WORK TO BE COMPLETED: Within the records below, reproduce without change the lines from the line that has "Safe driving tips" through the line that has "Transparent Black Christain", and only those.

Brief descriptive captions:
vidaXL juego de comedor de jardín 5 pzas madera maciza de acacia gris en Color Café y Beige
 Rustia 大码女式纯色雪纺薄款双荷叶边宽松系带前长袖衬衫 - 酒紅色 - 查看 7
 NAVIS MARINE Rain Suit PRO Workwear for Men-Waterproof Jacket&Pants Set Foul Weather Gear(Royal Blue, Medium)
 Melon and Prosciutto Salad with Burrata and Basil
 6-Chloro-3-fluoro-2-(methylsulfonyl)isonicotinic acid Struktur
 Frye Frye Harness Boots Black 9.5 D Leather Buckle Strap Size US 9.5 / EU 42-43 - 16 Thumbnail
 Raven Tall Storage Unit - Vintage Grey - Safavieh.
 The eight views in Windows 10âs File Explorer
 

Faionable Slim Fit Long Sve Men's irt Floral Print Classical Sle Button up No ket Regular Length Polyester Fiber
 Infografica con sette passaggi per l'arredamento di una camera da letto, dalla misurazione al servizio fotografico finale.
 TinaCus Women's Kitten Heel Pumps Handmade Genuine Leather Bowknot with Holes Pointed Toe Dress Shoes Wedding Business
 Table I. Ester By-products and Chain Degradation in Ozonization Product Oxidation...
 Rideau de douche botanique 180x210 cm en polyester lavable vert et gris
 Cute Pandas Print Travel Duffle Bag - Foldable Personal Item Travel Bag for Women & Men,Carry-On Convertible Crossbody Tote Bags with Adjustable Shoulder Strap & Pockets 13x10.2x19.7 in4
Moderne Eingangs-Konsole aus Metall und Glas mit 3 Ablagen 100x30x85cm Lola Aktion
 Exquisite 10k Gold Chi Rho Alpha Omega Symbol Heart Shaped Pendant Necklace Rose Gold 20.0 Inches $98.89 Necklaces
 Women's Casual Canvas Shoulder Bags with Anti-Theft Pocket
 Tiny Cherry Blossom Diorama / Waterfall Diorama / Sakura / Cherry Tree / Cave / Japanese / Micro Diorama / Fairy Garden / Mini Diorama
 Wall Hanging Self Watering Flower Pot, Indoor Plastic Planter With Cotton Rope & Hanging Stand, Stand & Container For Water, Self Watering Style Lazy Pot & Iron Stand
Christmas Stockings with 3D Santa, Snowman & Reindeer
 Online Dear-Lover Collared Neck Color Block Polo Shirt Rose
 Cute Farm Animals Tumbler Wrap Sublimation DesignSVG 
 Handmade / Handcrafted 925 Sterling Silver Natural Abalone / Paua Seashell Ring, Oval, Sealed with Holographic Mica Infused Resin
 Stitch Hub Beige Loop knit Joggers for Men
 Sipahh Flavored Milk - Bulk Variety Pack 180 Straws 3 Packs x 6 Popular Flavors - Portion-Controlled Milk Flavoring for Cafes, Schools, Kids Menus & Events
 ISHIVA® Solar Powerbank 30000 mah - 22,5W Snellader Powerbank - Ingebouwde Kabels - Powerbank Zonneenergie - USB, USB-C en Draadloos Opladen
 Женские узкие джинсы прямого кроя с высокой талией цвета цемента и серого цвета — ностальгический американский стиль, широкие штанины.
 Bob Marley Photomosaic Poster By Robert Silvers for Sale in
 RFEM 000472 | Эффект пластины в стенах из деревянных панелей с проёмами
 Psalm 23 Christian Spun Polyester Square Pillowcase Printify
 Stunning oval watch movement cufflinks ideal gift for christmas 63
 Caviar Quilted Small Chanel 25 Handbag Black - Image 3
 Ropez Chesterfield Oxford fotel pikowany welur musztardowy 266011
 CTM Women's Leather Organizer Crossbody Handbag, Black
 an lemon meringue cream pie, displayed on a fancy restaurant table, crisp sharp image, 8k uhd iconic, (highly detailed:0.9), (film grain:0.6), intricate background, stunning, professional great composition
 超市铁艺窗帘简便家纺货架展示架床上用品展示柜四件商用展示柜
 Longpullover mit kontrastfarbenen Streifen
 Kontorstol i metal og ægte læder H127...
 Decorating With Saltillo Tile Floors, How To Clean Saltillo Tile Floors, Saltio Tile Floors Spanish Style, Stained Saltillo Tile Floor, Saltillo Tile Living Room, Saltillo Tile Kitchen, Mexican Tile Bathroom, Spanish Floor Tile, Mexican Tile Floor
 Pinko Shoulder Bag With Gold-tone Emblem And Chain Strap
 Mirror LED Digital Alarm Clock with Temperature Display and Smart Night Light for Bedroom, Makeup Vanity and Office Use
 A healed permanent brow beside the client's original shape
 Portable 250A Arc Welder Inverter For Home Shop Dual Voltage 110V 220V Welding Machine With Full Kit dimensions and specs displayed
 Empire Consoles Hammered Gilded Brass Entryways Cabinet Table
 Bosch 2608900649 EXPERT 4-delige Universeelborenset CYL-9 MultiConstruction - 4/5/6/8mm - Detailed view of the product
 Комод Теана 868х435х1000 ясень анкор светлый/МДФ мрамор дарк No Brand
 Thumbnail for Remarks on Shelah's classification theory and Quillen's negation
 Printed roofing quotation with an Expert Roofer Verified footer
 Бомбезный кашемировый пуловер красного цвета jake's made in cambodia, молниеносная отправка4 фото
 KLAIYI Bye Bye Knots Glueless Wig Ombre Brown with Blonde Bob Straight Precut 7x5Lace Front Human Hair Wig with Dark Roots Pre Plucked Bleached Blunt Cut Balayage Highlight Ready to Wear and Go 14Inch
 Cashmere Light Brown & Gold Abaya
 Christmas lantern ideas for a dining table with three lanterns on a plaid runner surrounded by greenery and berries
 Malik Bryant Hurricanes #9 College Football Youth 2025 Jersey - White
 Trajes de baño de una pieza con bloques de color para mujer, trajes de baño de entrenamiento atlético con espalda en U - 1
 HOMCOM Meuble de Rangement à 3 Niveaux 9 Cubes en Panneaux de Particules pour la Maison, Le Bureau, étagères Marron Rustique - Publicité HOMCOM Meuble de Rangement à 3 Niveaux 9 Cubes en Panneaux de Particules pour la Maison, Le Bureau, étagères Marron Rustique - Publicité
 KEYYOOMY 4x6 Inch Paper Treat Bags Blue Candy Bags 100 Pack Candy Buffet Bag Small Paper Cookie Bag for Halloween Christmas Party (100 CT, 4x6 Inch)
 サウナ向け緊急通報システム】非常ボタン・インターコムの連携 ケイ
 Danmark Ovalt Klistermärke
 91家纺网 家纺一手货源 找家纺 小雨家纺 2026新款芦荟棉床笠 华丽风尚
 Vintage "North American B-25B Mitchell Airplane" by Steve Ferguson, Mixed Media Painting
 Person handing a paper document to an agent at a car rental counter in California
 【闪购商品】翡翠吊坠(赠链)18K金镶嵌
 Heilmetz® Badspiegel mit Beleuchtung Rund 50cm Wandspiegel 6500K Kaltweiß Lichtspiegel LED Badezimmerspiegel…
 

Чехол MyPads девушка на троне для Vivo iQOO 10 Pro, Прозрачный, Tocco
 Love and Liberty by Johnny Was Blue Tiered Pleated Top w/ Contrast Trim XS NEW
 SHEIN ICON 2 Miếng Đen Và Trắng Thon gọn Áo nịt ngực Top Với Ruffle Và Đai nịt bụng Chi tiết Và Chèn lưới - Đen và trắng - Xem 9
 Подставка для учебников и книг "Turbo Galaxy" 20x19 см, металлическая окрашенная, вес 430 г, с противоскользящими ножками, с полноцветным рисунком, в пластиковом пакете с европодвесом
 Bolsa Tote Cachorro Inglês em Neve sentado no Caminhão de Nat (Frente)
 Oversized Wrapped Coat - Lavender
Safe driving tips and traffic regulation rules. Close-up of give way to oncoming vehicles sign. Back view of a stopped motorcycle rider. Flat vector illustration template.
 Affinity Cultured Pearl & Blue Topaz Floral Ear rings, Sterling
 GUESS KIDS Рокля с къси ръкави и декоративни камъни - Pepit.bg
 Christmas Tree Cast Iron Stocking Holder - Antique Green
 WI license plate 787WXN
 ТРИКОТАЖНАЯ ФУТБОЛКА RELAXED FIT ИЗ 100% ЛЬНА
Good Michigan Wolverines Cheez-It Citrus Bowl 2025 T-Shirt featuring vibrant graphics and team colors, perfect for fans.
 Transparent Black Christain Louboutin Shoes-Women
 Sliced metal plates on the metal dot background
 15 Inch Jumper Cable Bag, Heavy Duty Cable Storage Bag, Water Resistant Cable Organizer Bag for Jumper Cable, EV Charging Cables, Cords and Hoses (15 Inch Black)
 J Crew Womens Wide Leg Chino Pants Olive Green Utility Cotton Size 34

ANSWER AREA:
Safe driving tips and traffic regulation rules. Close-up of give way to oncoming vehicles sign. Back view of a stopped motorcycle rider. Flat vector illustration template.
 Affinity Cultured Pearl & Blue Topaz Floral Ear rings, Sterling
 GUESS KIDS Рокля с къси ръкави и декоративни камъни - Pepit.bg
 Christmas Tree Cast Iron Stocking Holder - Antique Green
 WI license plate 787WXN
 ТРИКОТАЖНАЯ ФУТБОЛКА RELAXED FIT ИЗ 100% ЛЬНА
Good Michigan Wolverines Cheez-It Citrus Bowl 2025 T-Shirt featuring vibrant graphics and team colors, perfect for fans.
 Transparent Black Christain Louboutin Shoes-Women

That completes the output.